(Items from a data source)
####
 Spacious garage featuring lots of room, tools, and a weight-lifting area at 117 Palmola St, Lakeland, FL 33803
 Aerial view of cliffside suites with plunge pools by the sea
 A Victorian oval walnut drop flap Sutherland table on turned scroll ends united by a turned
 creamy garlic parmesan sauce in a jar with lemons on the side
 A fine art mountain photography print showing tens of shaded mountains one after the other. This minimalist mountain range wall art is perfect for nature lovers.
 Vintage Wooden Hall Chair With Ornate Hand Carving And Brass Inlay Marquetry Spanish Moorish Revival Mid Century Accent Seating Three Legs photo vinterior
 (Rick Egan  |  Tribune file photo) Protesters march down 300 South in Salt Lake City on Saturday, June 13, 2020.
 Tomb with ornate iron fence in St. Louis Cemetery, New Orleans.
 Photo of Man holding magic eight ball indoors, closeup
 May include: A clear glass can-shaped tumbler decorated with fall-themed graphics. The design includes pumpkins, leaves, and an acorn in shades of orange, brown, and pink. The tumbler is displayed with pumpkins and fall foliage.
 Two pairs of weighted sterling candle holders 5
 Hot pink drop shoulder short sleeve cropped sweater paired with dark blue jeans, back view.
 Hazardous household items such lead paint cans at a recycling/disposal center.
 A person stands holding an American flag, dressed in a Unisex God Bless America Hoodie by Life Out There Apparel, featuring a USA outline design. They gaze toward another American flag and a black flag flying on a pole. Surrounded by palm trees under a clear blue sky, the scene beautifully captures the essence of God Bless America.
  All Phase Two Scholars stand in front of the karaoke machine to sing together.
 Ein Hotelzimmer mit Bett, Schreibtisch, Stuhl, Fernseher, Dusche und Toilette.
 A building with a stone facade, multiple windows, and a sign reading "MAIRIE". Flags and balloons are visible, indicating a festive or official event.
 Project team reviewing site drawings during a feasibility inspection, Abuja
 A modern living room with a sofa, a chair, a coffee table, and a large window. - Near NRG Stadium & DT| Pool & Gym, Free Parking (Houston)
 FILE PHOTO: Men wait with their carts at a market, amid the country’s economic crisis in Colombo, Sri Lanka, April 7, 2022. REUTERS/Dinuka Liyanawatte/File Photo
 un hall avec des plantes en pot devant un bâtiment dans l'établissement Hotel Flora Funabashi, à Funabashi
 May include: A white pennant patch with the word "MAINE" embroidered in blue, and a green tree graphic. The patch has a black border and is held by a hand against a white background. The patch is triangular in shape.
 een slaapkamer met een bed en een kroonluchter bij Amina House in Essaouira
####
Every line from the line containing "Tomb with ornate" through the line containing "May include: A clear" in the records above must be retyped exactly. Leave out the rest.

 Tomb with ornate iron fence in St. Louis Cemetery, New Orleans.
 Photo of Man holding magic eight ball indoors, closeup
 May include: A clear glass can-shaped tumbler decorated with fall-themed graphics. The design includes pumpkins, leaves, and an acorn in shades of orange, brown, and pink. The tumbler is displayed with pumpkins and fall foliage.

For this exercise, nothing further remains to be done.